Columbia Demo and Impressionism

                                         The Storm Lifts off the River watercolor 18x24

 This was the demonstration painting I did at the In Bocca al Lupo Fine Art gallery yesterday. While I`m often told these demos are helpful to others, they sure seem repetitive to me. Yet some of the same people keep watching. To describe the way I work sounds disingenuous, 'I keep moving the paint around until it looks like what I want', but it`s true. So many of my color choices and marks are close to random. Little experiments happening all over the surface. Eventually they coalesce into something like what I remember.
This painting was based on a 20 year old drawing;

                                                               Gorge Sketch

 I was probably with some out of town friends when we pulled off the road into a turnout. While admiring the view, I did this sketch in a tiny book I used to take everywhere in my pocket. The spot is on Highway 14 in Washington and one of the few places one can see an open expanse unobstructed by trees.
This watercolor was painted from the sketch back in the 90`s sometime;

                                                            Columbia Study

                                                         Leaf Light oil on panel 12x12

Also new. This magnificent tree grows on a golf course I walk by. I think it`s interesting that I`m always astonished at the vivid color of Fall. As if I haven`t ever seen it! I bet everyone has that experience.

 It`s blasphemy and I thought I was all alone with my submerged feelings but just recently I learned I`m just one in a large tribe of politically incorrect art lovers who believe Renoir sucks. Yes he does! Look at my comrades;

 Now this is not a great time to be beating up on anything French.
France was our country`s first ally and its noble culture will not be damaged by acts of cowardly violence. Lovers of peace and freedom worldwide, mourn with the French and share their rightful anger.

But Renoir is awful.
Not so crazy about Monet either. There, I said it.
For the best impressionism, look to America even if one of the Americans was in France like Mary Cassat. Now that was a painter! Has anyone ever depicted the mother and child bond as well?

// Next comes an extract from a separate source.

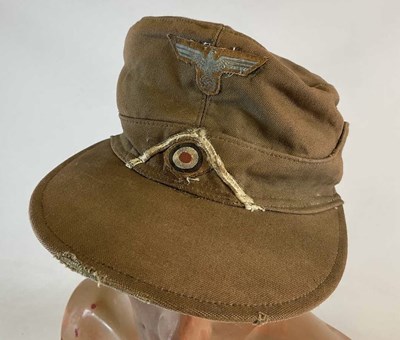 Lot 257 - A WWII German desert forage cap, with insignia...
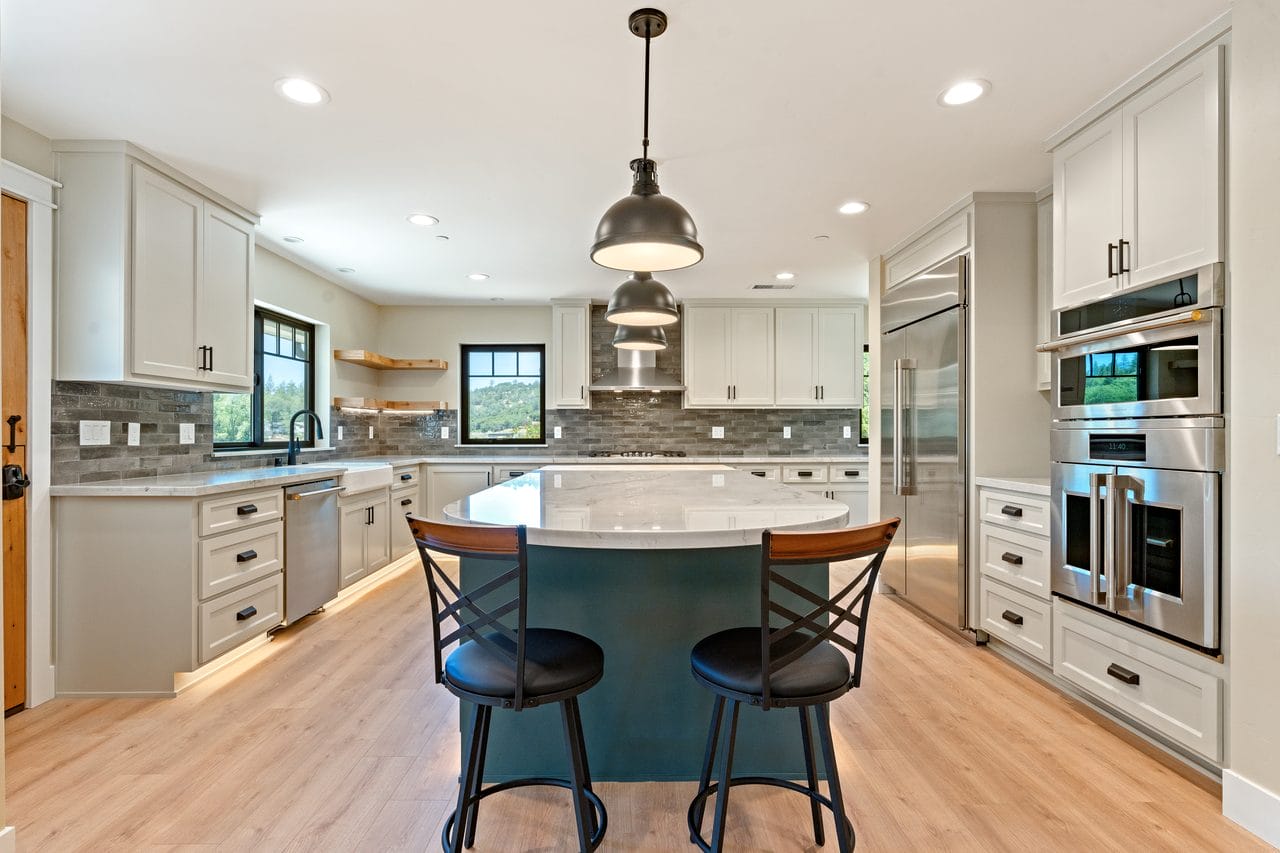 White kitchen with grey island, pendant light, wall ovens and bar seating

                                                            Mary Cassat

And Daniel Garber was a master of color and light but certainly under celebrated.

                                                           Daniel Garber

My favorite and the most ambitious American impressionist was Frederick Childe Hassam.

                                                      Frederick Childe Hassam

                                                     Frederick Childe Hassam

                                                        Frederick Childe Hassam

France gave birth to impressionism but Americans brought it to fruition. My humble opinion!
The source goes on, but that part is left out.